You can either broadcast seed thinly, gently raking it in, or, for more precision, score rows with a stick into which you can sow thinly or individually. Distance between both rows and seeds in a row will depending on the size of seed and ultiamte expected size of the plant, as will sowing depth.

If there is no rain, keep the soil moist by gently sprinkling with a hose or watering can.

Thin out seedlings to the required planting distance, but don't be in too much of a rush to do this - unwanted plants are generally preferable to unwanted weeds and can be removed later, though before they become too crowded.

Much as I adore them, cats can be a menace - they are invariably attracted to a seedbed, which is perfect for attending to their toiletry needs! Try pegging down some fruit cage netting over the area, but remember to remove it before the top growth prevents you from doing so.



Ornamental Quince - Geisha GirlI'm looking forward to next spring for many reasons, not the least of which is that I hope to see what kind of blooms will materialise from my sowing of Ornamental Quince seeds last spring. Germination was good and growth very fast; I now have four strong plants in the nursery area. The leaf colours vary from very dark to pale green, so I'm confident that there will be some interesting flower colours to come. Meanwhile, I love the variety pictured here, 'Geisha Girl', which has been resident in the garden for some years now, planted against our beautiful brick and chalk wall, bringing some welcome colour early in the year.

COULD DO BETTER September 19th 2012

I created this page because it seemed a nice idea to keep a record of activities in the garden. But I've proved to be a hopeless journal writer - always busy doing stuff and equally always meaning to add items to the diary.  Mick has now built a nifty little content management system to make entries easier to create, so perhaps I'll now improve!

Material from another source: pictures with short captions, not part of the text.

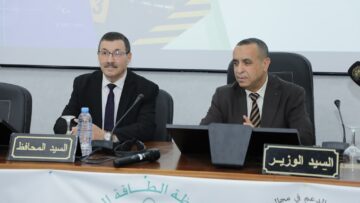 افتتاح الدورة التدريبية الإقليمية حول “مبادئ التحليل الجنائي النووي”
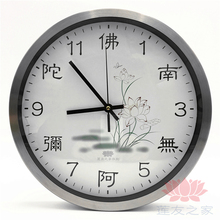 南无阿弥陀佛钟表12寸客厅装 敬制六字名号挂钟 莲友之家 饰挂钟表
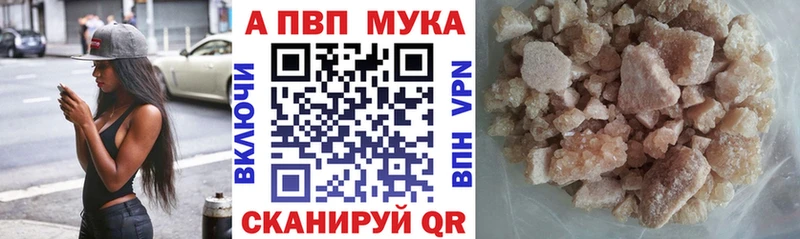 А ПВП VHQ  Ивдель 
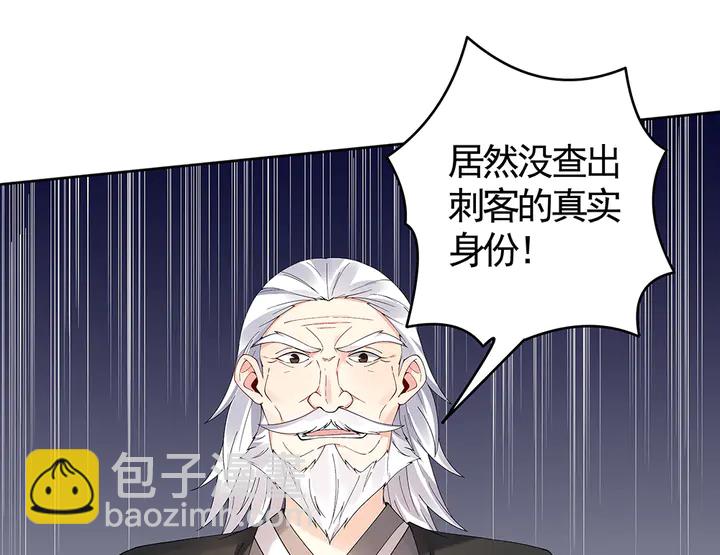 第74话 我倒要看看(1/2)-第74话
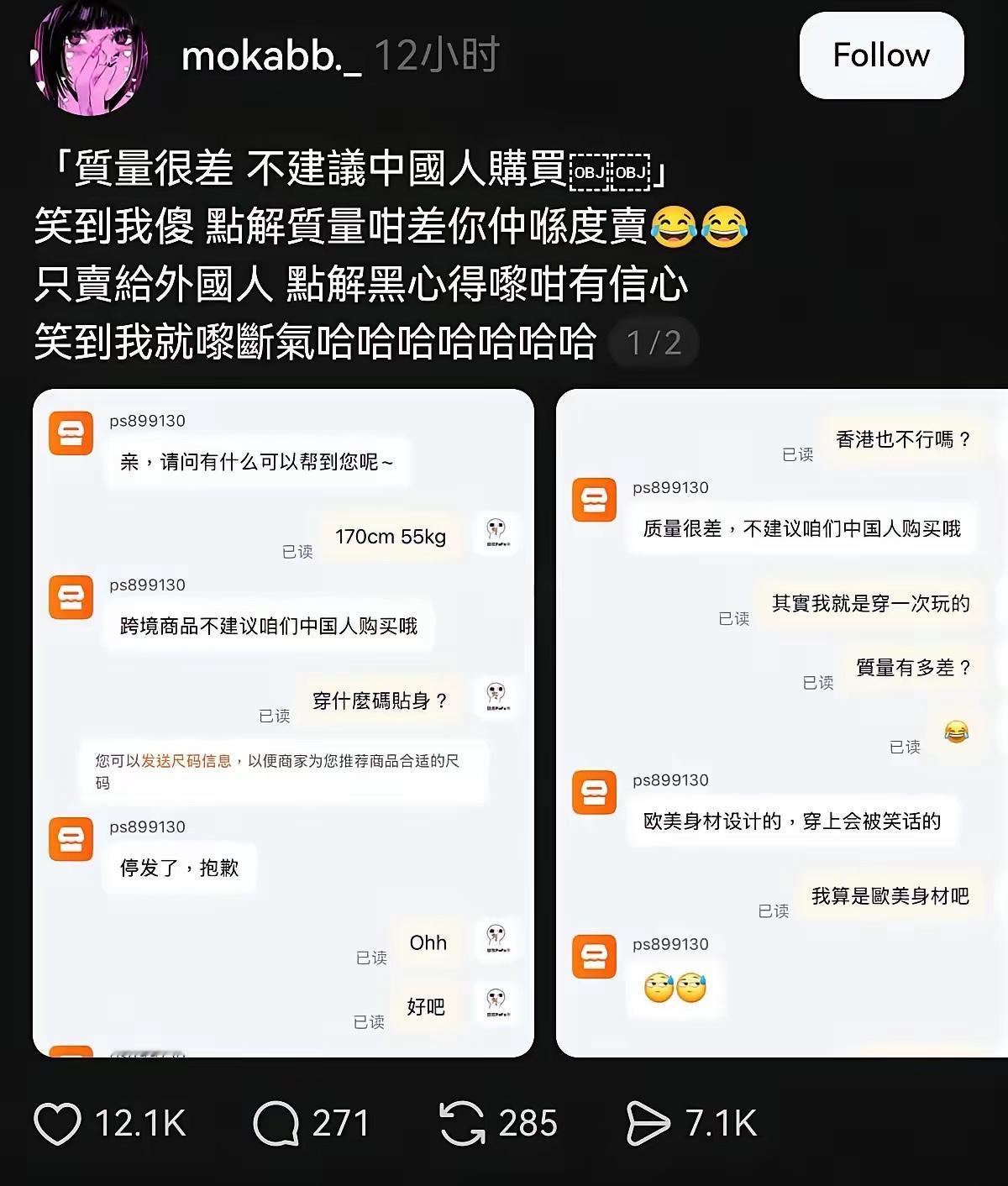 笑死了！[大笑]近日，一位香港女网友在网上购物，结果商家建议她“这个质量太差了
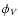 $\phi _V$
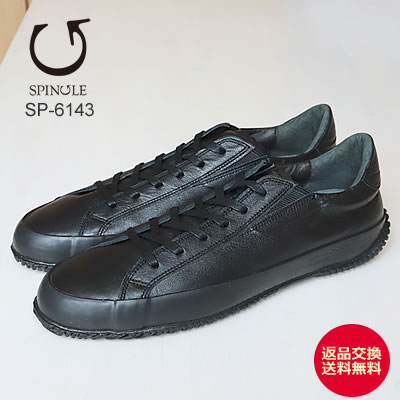 楽天市場】☆1/10限定ポイント最大40倍！！要エントリー！【返品交換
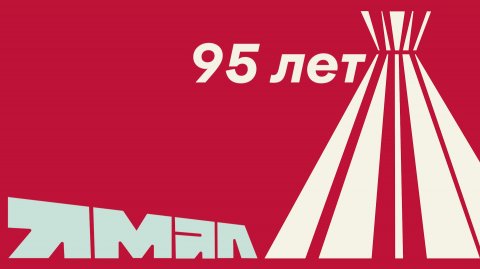 С Юбилеем, Ямал! 2025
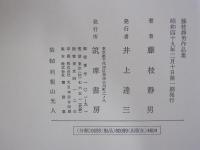 藤枝静男作品集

The beautiful passion flower pictured right is Anastasia. Apparently it comes easily from cuttings rooted in water. I'm trying a few stems and if successful they will be added to the shop.

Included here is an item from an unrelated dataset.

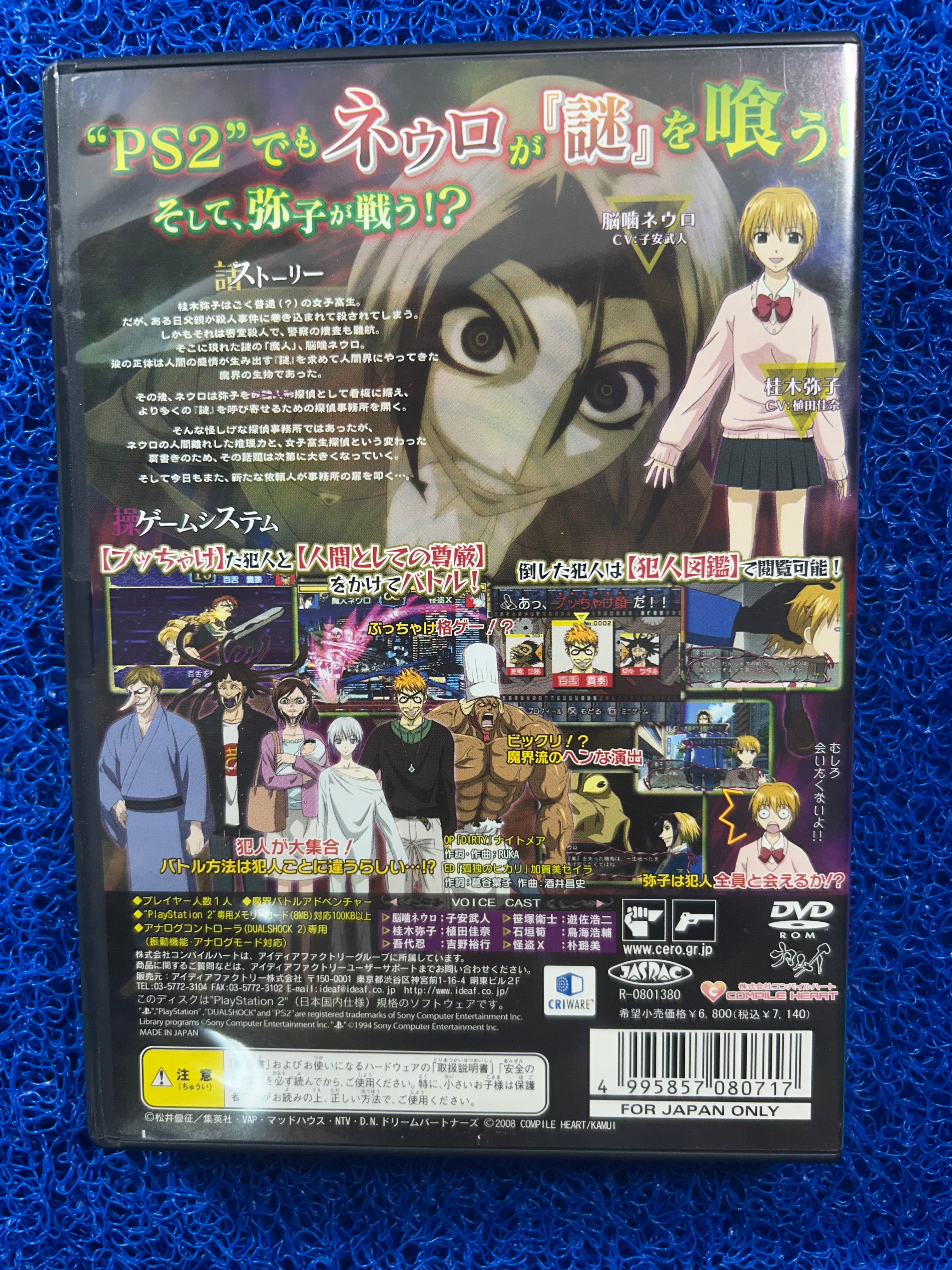 PS2 Majin tentei nougami (J)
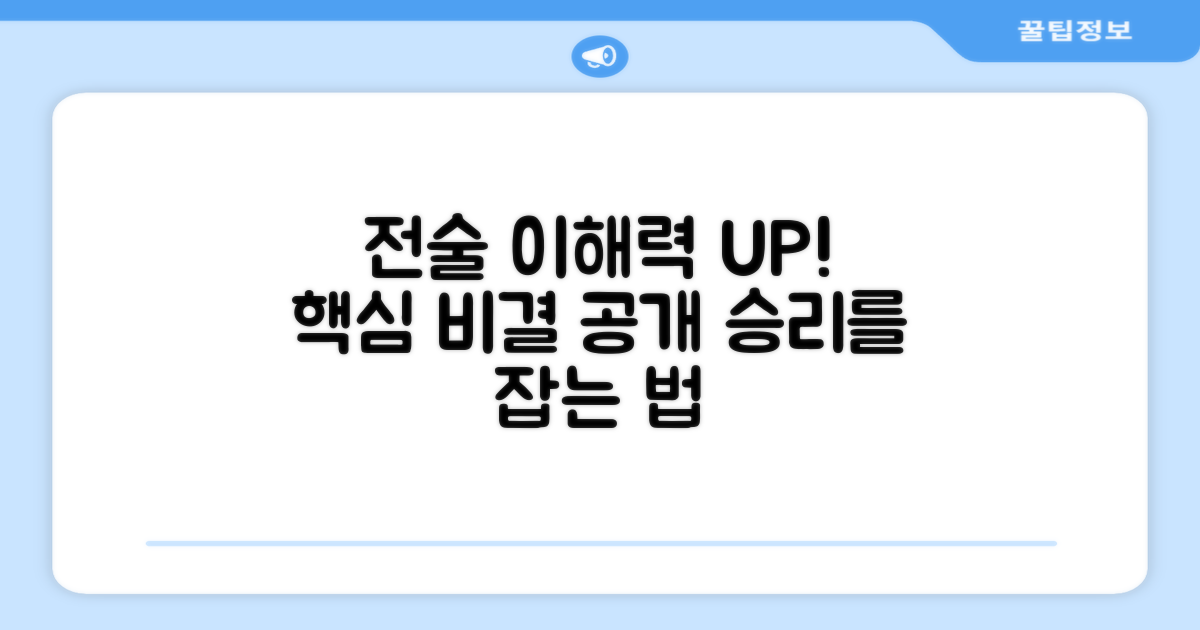 전술 이해도를 높이는 비결은?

SPRING IS HERE! February 24th 2012

Oops! It's been pointed out to me that I hadn't updated the About page, which was saying that the shop was not yet launched... it is, it is! Now fixed. You can choose from 100 varieties of annual and perennial flowers, vegetables, herbs, trees and shrubs, with many more to be added during the coming months.

I'm also in the process of scanning the covers of a selection of very interesting second hand gardening books, which will be added to the shop soon! Subject matter includes water gardens, Zen gardening, organic gardening, growing herbs, perennial garden plants and garden design.

It's a glorious early spring day. The frogs are active in the pond and it's a perfect day to get into the greenhouse for a sowing session!

GARLIC February 22nd 2012

Nice surprise this morning... my spring garlic arrived - now filed in the 'waiting to be planted' folder in my brain - along with the winter garlic... *sigh*. Still, always, a rule-breaker, the same thing happened last year and the winter garlic produced lovely plump bulbs, even though it didn't find its way into the ground until March.

I'll choose a different spot this year, but will take a similar approach to last year, in planting near the front of a herbaceous border, positioning the cloves a little further apart than is the norm and filling in the gaps with annuals such as rudbeckia and yellow cosmos. By the time the ornamentals mature, the garlic will be ready to harvest and can be carefully removed to make way for the blooms.